Segment Start: THE INPUT
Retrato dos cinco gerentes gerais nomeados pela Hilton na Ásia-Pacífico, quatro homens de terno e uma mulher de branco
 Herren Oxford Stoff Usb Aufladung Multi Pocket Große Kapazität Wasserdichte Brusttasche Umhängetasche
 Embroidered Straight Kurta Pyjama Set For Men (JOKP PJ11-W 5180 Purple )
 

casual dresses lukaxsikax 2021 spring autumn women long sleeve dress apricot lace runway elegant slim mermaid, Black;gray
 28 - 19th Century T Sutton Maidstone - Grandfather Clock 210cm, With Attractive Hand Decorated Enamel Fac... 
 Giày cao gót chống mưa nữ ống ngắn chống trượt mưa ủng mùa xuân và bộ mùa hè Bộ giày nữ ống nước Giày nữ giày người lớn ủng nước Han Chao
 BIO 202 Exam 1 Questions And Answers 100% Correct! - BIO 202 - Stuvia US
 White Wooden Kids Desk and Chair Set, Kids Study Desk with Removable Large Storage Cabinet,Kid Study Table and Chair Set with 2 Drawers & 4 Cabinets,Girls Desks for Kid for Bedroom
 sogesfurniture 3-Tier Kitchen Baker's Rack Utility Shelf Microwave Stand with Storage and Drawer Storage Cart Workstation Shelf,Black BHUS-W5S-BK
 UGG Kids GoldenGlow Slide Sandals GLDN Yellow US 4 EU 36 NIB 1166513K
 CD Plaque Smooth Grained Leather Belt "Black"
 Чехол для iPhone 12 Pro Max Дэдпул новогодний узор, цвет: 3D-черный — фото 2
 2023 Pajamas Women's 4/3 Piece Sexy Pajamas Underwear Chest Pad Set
Segment End: THE INPUT
[WORK TASK]
Write out each line above with the word "Black".

[EXPECTED ANSWER]
casual dresses lukaxsikax 2021 spring autumn women long sleeve dress apricot lace runway elegant slim mermaid, Black;gray
 sogesfurniture 3-Tier Kitchen Baker's Rack Utility Shelf Microwave Stand with Storage and Drawer Storage Cart Workstation Shelf,Black BHUS-W5S-BK
 CD Plaque Smooth Grained Leather Belt "Black"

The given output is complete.